La mayor institución religiosa británica enfrentó un momento de tensión interna cuando su máximo órgano deliberativo rechazó una iniciativa que la hubiera obligado a transformar una porción significativa de su vasto patrimonio inmobiliario en espacios dedicados a la recuperación ambiental. Lo que ocurrió en esta votación trasciende el ámbito de la fe para adentrarse en debates fundamentales sobre responsabilidad corporativa, liderazgo moral institucional y prioridades económicas en tiempos de crisis ecológica global. La decisión, adoptada el martes en el seno del Sínodo General, despierta interrogantes sobre qué debería esperarse de organizaciones con semejante poder territorial y cuál es el rol que deben cumplir en la transición hacia modelos de convivencia más sostenibles con el entorno natural.

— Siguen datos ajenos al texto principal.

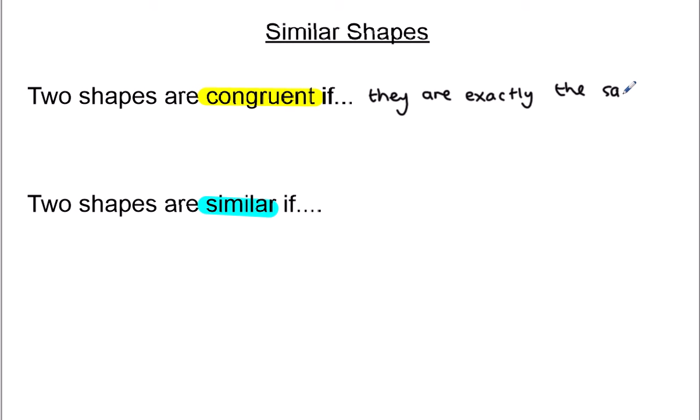So exactly the same shape and size — that would mean all your angles are the same, all the lengths are the same. Now they might be upside down or back to front, that doesn't matter. But if you've got the exact same shape, if you cut it out with a bit of paper, it would exactly overlap the other one. They are perfect matches — shape and size. So congruent, like identical.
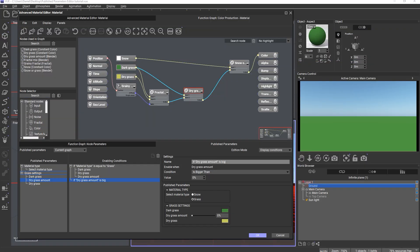Hi and welcome to this tutorial. Today we will look at the new published parameters editor introduced in Vue and Plant Factory 2024. While this video has been recorded in Vue, it's also valid for Plant Factory because the workflows in the editor are the same.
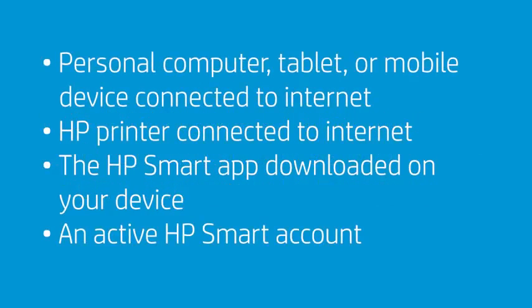Before using the Print Anywhere feature, make sure that you have the following items: a personal computer, tablet, or mobile device that is connected to the Internet; an HP printer that is connected to the Internet and connected to HP Smart; the HP Smart App downloaded on your device; and an active HP Smart account.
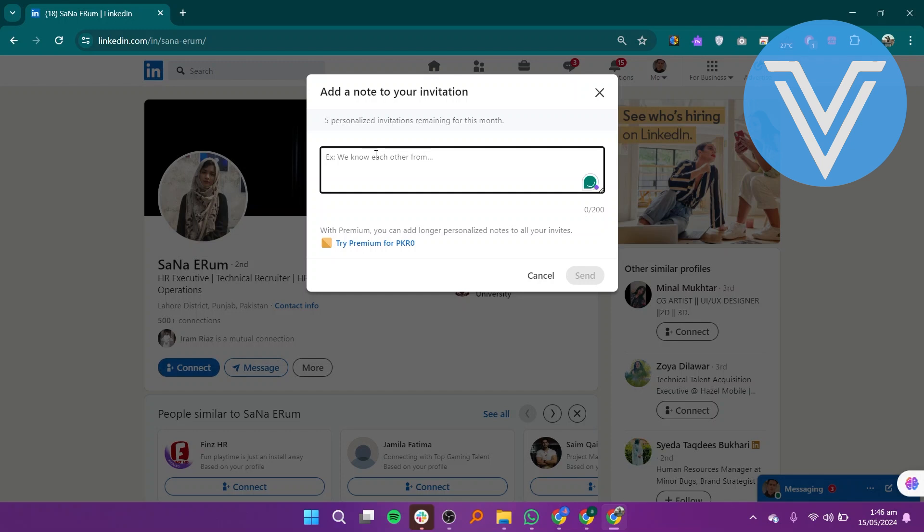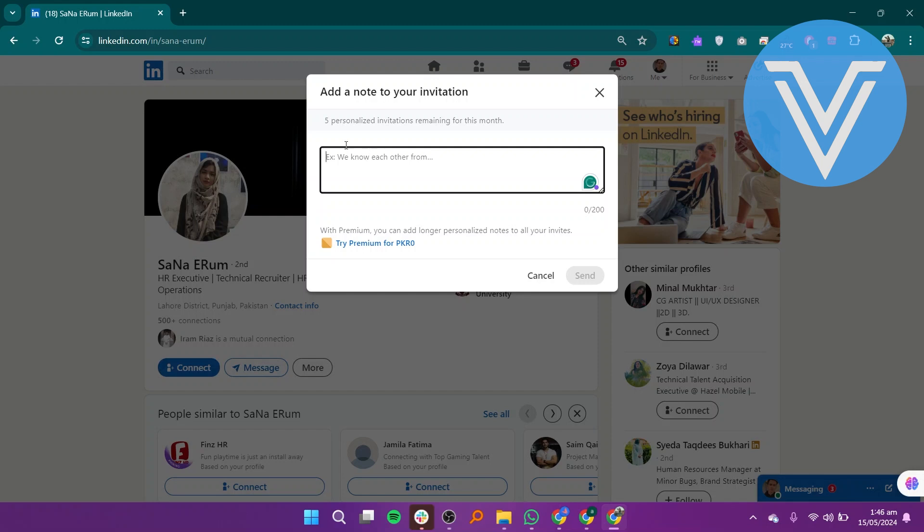State why you want to connect and include a call to action. For example: Hi [your name], I am [your name] and a marketing professional with 5 years experience. I admire [the company's name] work and would love to connect.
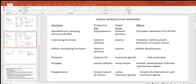Follicle stimulating hormone in the female targets the ovaries and is responsible for follicle development. Prolactin targets the mammary glands and is responsible for milk production. Estrogen targets many tissues of the female and is needed for normal growth and development of the female reproductive system. Progesterone targets the uterus and mammary glands, causing growth of the endometrium — the simple columnar epithelial layer lining the inside of the uterus — which builds up monthly for the possibility of implantation and pregnancy.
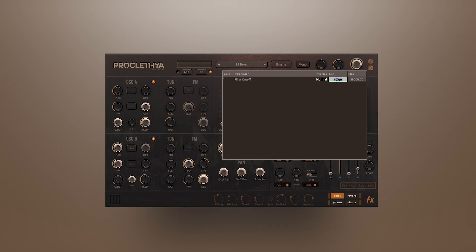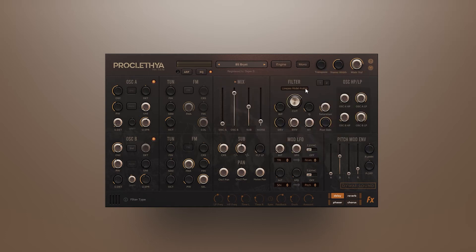In the minimum field, set the smallest value for the range of the modulation and the highest value in the maximum field. Now the filter cutoff is modulated by the modwheel in that range.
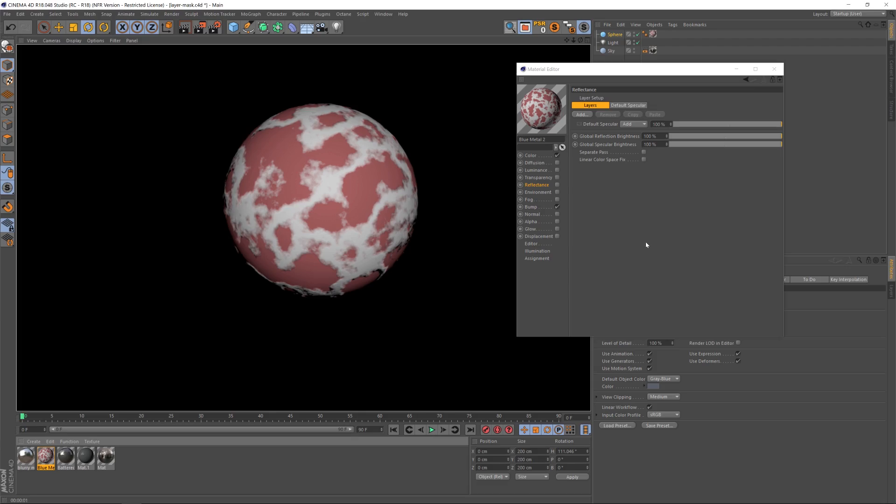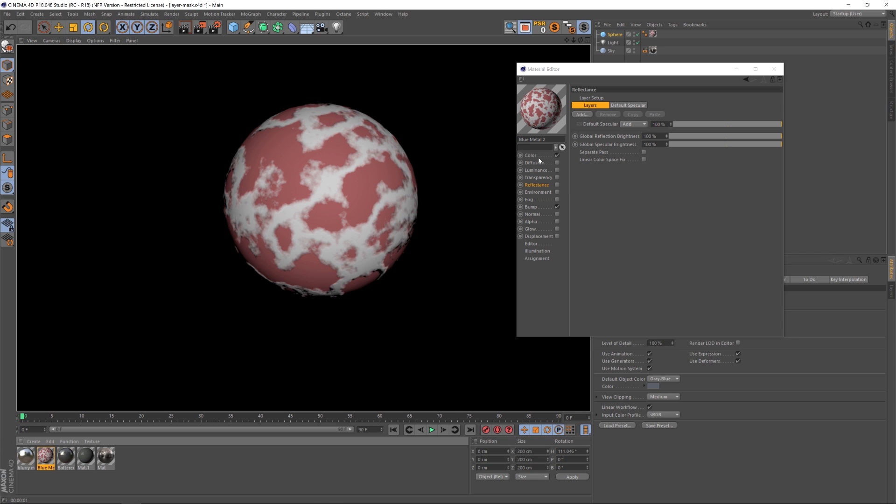Hey what's up guys, welcome to The Pixel Lab. I have a quick tip on the reflectance channel. Right now I have a noise pattern in the color channel, and let's say that I want to have the white parts be reflective but I want the red to stay kind of a matte color. So it's pretty easy to do.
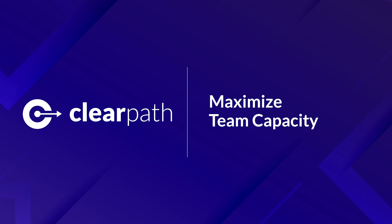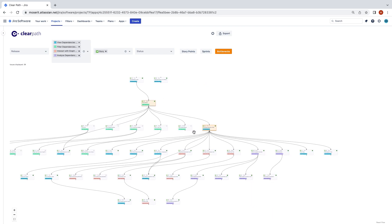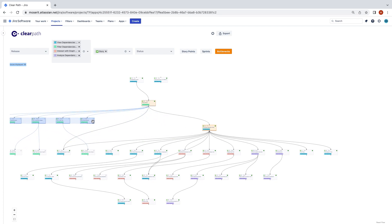The last way to manage schedule risk is to identify the bottleneck tickets in your plan. To meet your schedule, you want to enable parallelized work as much as possible. Tickets that block a large number of other work are a risk to preventing you from achieving your team's full capacity.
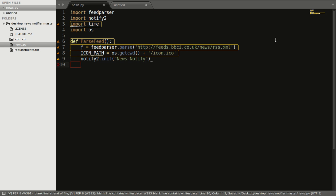So now we have the data in the form of a dictionary in variable f. We will iterate through that data and get the valuable data to be displayed in the notification. So we will iterate using a for loop: for news_item in f['items'].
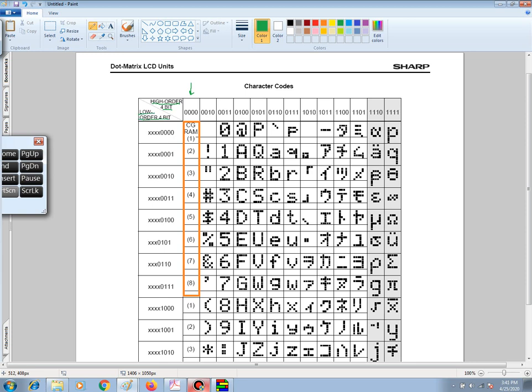So the character code for CGRAM 1 is 00, for character 2 is 01, character 3 is 02, for 4 is 03, for 5 it's 04,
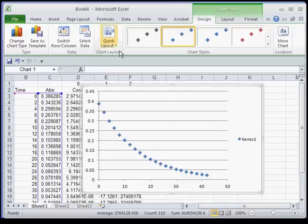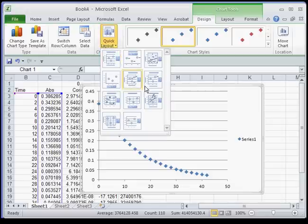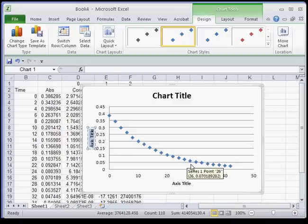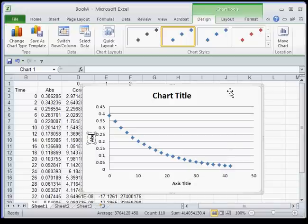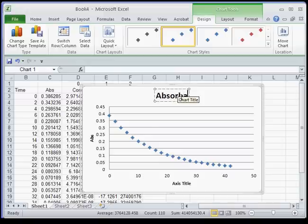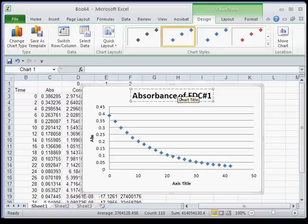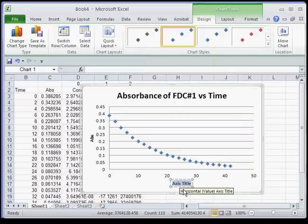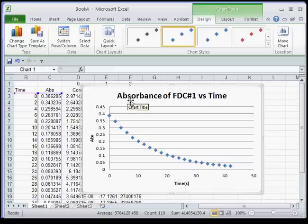Next you want to format. There are a bunch of quick layouts and some of these are pretty good for this kind of stuff. Over here we're going to type 'concentration' — or sorry, 'absorbance' — so this is absorbance of FDC number 1 versus time. The bottom axis is time. I just hit Enter to activate that. Time in seconds. So there's the first graph.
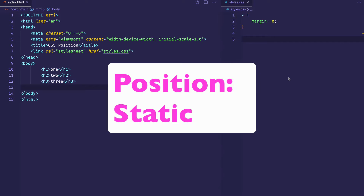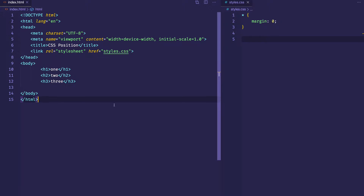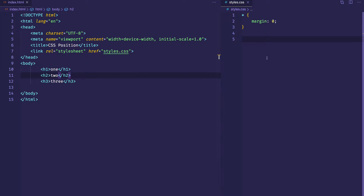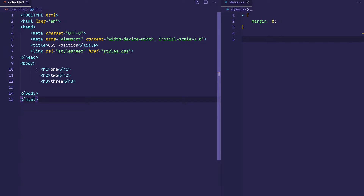We're going to start off with position static. Besides the positions I mentioned — relative, absolute, fixed, and static — there's also a position sticky, and I'm going to save that one for its own special video. What I have so far is a simple index.html file with some boilerplate HTML. I'm linking to an external style sheet, styles.css. I've used the universal selector to set everything to have a margin of 0, because I don't want any default margin stylings to get in the way. In the body, I have h1, h2, and h3 tags with text content 1, 2, and 3. Let's go ahead and see what we have in the browser.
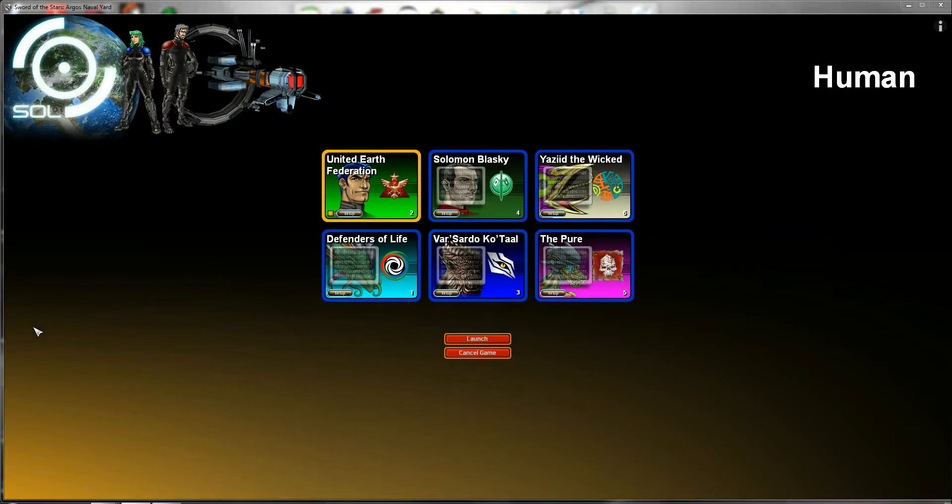And welcome back everybody to Let's Play Sword of the Stars with me, Lord Decius.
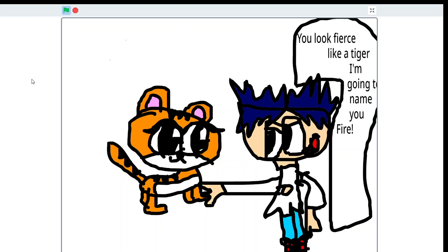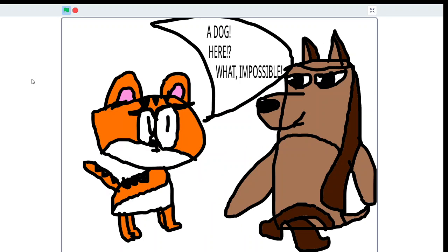A dog here? What? Impossible! Why would he adopt a cat when he has a dog?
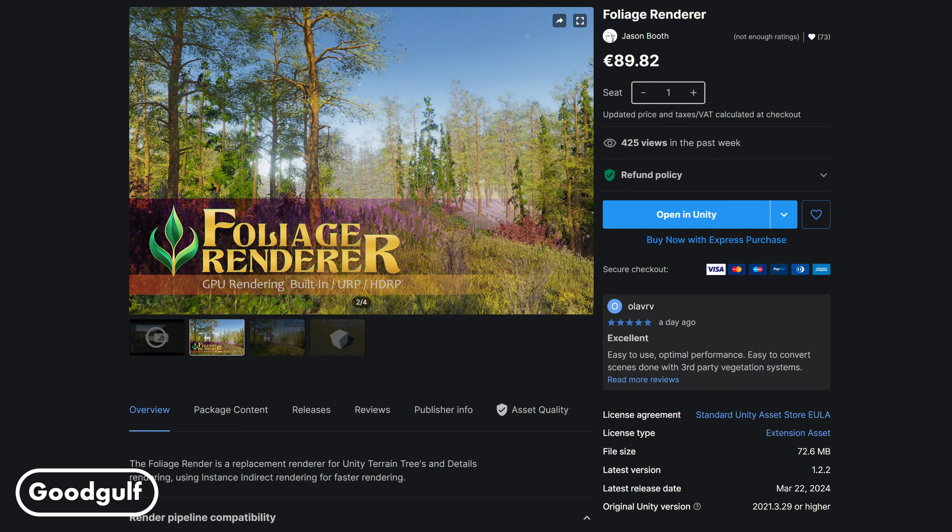Hi guys, Gudgulf here with a new video on Unity Terrain. In this video I will introduce Foliage Renderer, the latest asset by Jason Booth and Alan White in the Asset Store.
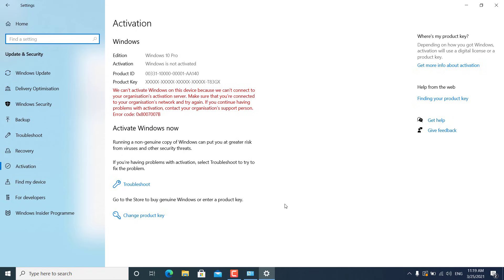Now there are two options. If your Windows 10 is activated using a product key, you have to click on 'Change product key' and enter your product key. But if you have bought a laptop where Windows 10 was already activated and you didn't get any activation key, then you have to link your Microsoft account to your Windows 10.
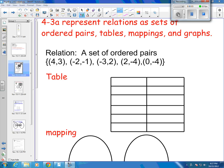I'm going to do a couple examples showing you how to show a relationship or a relation as an ordered pair, table, mapping, and graph. Just make sure you're clear on the different vocabulary.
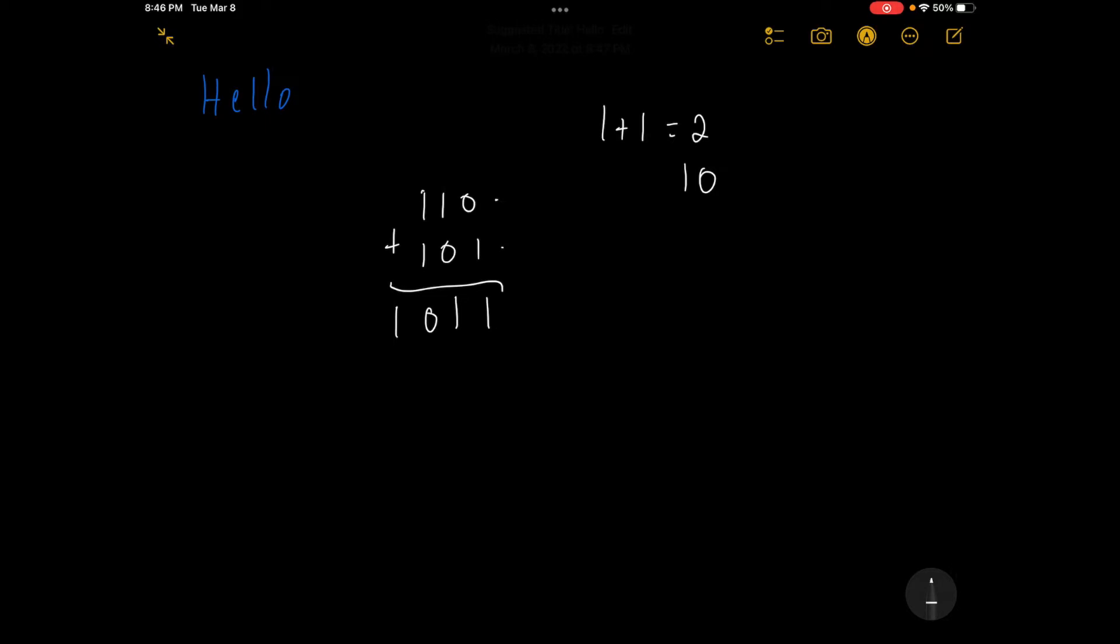Let's look at a more complex example. Let's say that we've got 1, 1, 1, and then we have 1, 0, 1. We're going to add these two up.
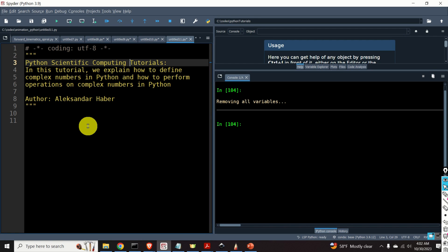Hello everyone and welcome to Python scientific computing tutorials. In this tutorial we explain how to define complex numbers in Python and how to perform operations on complex numbers in Python. But before I start with explanations, I kindly ask you to press the like and subscribe buttons.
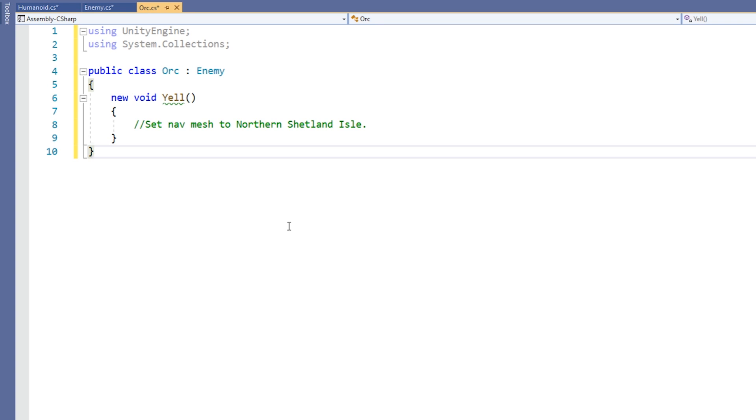Suppose we have a collection of Humanoid objects which include some Humanoids, some Enemies, and some Orcs. If we call the Yell function on all of the objects in the collection, each of them will call the Humanoid version of Yell. This is because we declared the Orc and Enemy objects as Humanoid and they have been implicitly upcast to a Humanoid.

Un patrimonio territorial sin precedentes en manos religiosas
La Iglesia de Inglaterra posee aproximadamente 42.500 hectáreas de territorio, una extensión que la posiciona entre los mayores propietarios de tierras en el reino. Para dimensionar esta cifra, equivale a poco más de 105.000 acres, una superficie comparable a la de un pequeño condado inglés. A lo largo de siglos de acumulación patrimonial, la institución construyó este portafolio que incluye desde tierras agrícolas productivas hasta bosques, páramos y propiedades urbanas estratégicas. Este dominio territorial otorga a la organización un poder considerable sobre la gestión ambiental de regiones completas, pero también la expone a escrutinio respecto de cómo ejerce esa responsabilidad.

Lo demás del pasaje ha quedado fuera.